Monday, 30 April 2018

On a clear day...

No-one ever endeared themselves to anyone by finishing that sentence with "...the view is terrific". Especially when you've just climbed umpteen steps from sea level up to 232m to stand surrounded by mist gazing from the summit at absolutely nothing. And, to compound the dissatisfaction, to have spent the time in the company of someone talking at you mostly about stuff you already knew plus even more stuff you never wanted to know all about them and their personal history, culminating in "I've had such a rich and interesting life, I must write a book about it" - well, there's nothing guaranteed more certain to get the shutters slamming down than that, as far as I'm concerned. Old white man, do I need to say? Grrr.
I did learn a few things from Trevor, like how to tell manuka from kanuka (the spelling! Nah, he didn't do jokes. It's the seed pods). But when he told me that in the US, port and starboard colours are the other way around, he discredited everything else he'd said up to that point. For goodness sake... He did though finally redeem himself by showing me some excellent and unexpected murals that were hiding away in an industrial estate that I would never have discovered by myself.
Anyway. The day had started grey, with a heron on the railing, an excellent Bircher muesli here at the Trinity Wharf Hotel, and a really nice introduction to the Hot Pools in Mt Maunganui. They're smallish, but nicely done: salt water heated by transference from natural hot water, so no rotten egg smell, just nice 32 and 34 degree water in pools well patronised by friendly and sociable retirees and little kids. I joined in an aquarobics class that was participated in with great enthusiasm by many women, while their menfolk ploughed doggedly up and down the pool alongside, boringly walking. "Crank it up!" the ladies shouted when Abba was turned on by the instructor. We all enjoyed it when a limber Maori man shimmied past, the length of the pool, busting his moves to appreciative applause.

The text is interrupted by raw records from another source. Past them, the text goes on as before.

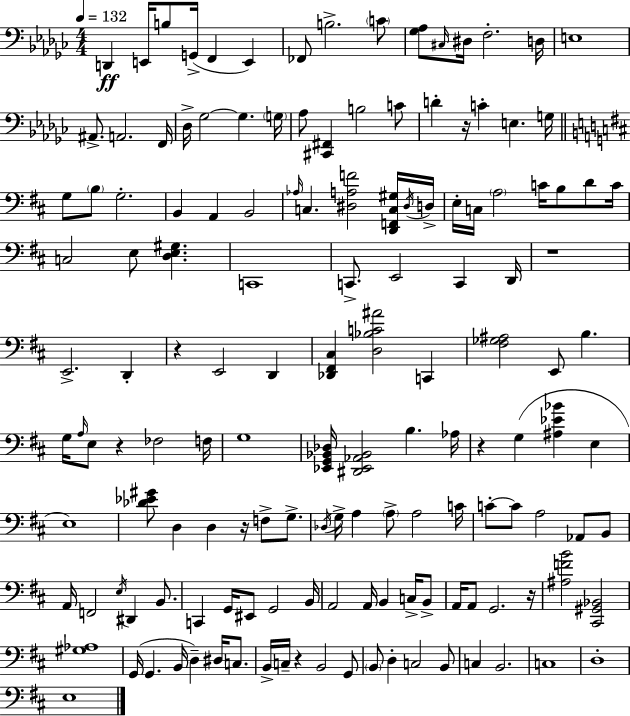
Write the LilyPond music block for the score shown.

{
  \clef bass
  \numericTimeSignature
  \time 4/4
  \key ees \minor
  \tempo 4 = 132
  d,4\ff e,16 b8 g,16->( f,4 e,4) | fes,8 b2.-> \parenthesize c'8 | <ges aes>8 \grace { cis16 } dis16 f2.-. | d16 e1 | \break ais,8.-> a,2. | f,16 des16-> ges2~~ ges4. | \parenthesize g16 aes8 <cis, fis,>4 b2 c'8 | d'4-. r16 c'4-. e4. | \break g16 \bar "||" \break \key b \minor g8 \parenthesize b8 g2.-. | b,4 a,4 b,2 | \grace { aes16 } c4. <dis a f'>2 <d, f, c gis>16 | \acciaccatura { dis16 } d16-> e16-. c16 \parenthesize a2 c'16 b8 d'8 | \break c'16 c2 e8 <d e gis>4. | c,1 | c,8.-> e,2 c,4 | d,16 r1 | \break e,2.-> d,4-. | r4 e,2 d,4 | <des, fis, cis>4 <d bes c' ais'>2 c,4 | <fis ges ais>2 e,8 b4. | \break g16 \grace { a16 } e8 r4 fes2 | f16 g1 | <ees, g, bes, des>16 <dis, ees, aes, bes,>2 b4. | aes16 r4 g4( <ais ees' bes'>4 e4 | \break e1) | <des' ees' gis'>8 d4 d4 r16 f8-> | g8.-> \acciaccatura { des16 } g16-> a4 \parenthesize a8-> a2 | c'16 c'8-.~~ c'8 a2 | \break aes,8 b,8 a,16 f,2 \acciaccatura { e16 } dis,4 | b,8. c,4 g,16 eis,8 g,2 | b,16 a,2 a,16 b,4 | c16-> b,8-> a,16 a,8 g,2. | \break r16 <ais f' b'>2 <cis, gis, bes,>2 | <gis aes>1 | g,16( g,4. b,16 d4--) | dis16 c8. b,16-> c16-- r4 b,2 | \break g,8 \parenthesize b,8 d4-. c2 | b,8 c4 b,2. | c1 | d1-. | \break e1 | \bar "|."
}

The pool is open and well used from 6am to 10pm every day, which is amazing. They do massages there too - pleasant, but maybe not quite worth spending the rest of the day with irretrievably messy hair - and altogether it's a lovely way to wind down after climbing the Mount. So it was a shame I did it beforehand - but at least that gave the grey morning time to brighten, though not quite enough to give me the 360 view experience (see above).

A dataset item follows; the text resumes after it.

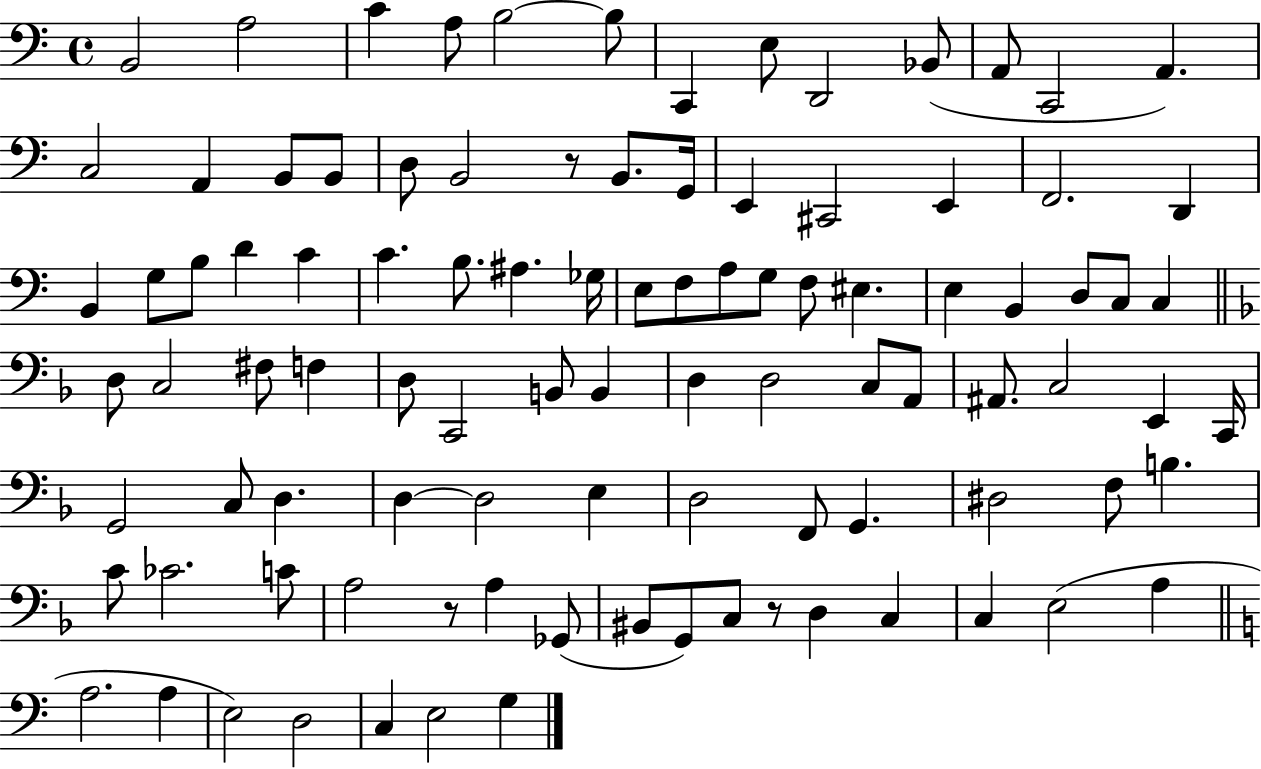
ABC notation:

Never mind. It was good exercise after my thoroughly enjoyable Turkish eggs (with zucchini chips! yum) at The General - an excellent cafĂ©/restaurant owned by nice, enthusiastic people, where they make all their own food, including cashew cheese, which sounded intriguing but went untasted by me. Next time. 
Later, after I finally shook Trevor off and ungritted my teeth, I drove myself back to the Mount to poke around and discover the street art there - but then I noticed the summit was clear of low cloud and so felt obliged to whip up there to do it properly. After all, I'd been told what a great view it was... So I climbed to the top again, in 30 minutes (official time, as per the signs: 1 hour) and thoroughly enjoyed the golden light, the remarkably clean and cuddly-looking sheep and, indeed, the long views from the top - even if White Island was still hidden in horizon cloud. The waves rolled in, the swallows swooped, the rock doves did an approximation of a murmuration, and the steady stream of foot traffic up and down was, to a person, friendly.

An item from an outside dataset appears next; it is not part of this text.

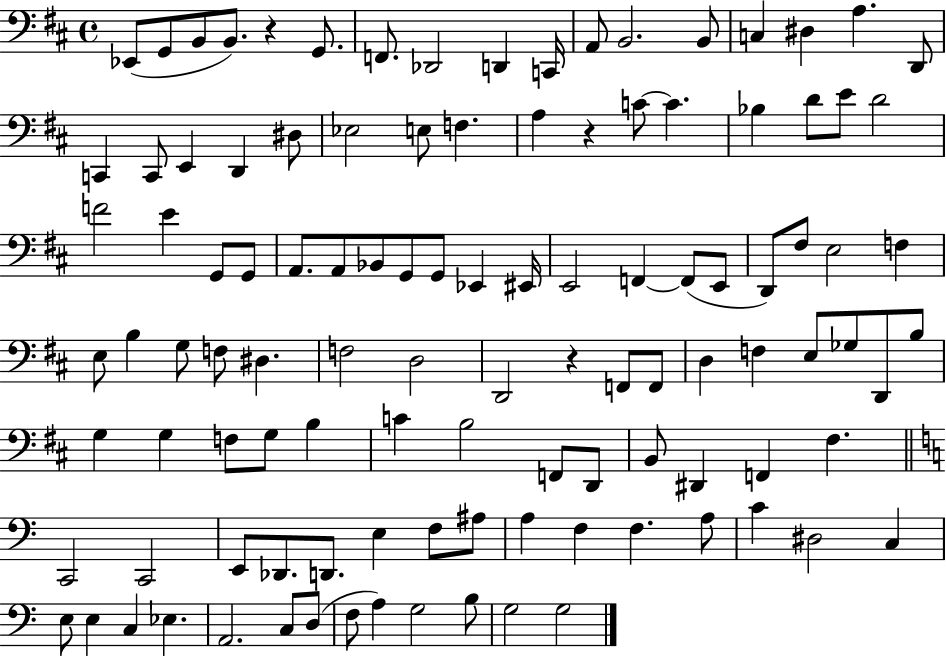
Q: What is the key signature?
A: D major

The street art remained, sadly, mostly undiscovered by me though in my quick whip around I must have passed most of the 65 eating establishments in the Mount CBD. I drove back to Tauranga, over its attractively curved bridge, for a much-needed shower and then a very tasty dinner with management in the hotel restaurant where much shop-talk took place but also wider travel stories which included both bewilderment at and total condemnation of the LAX experience. The US: so familiar, yet so inexplicable sometimes. But at least - the same as everywhere else - port is red and starboard green there, Trevor.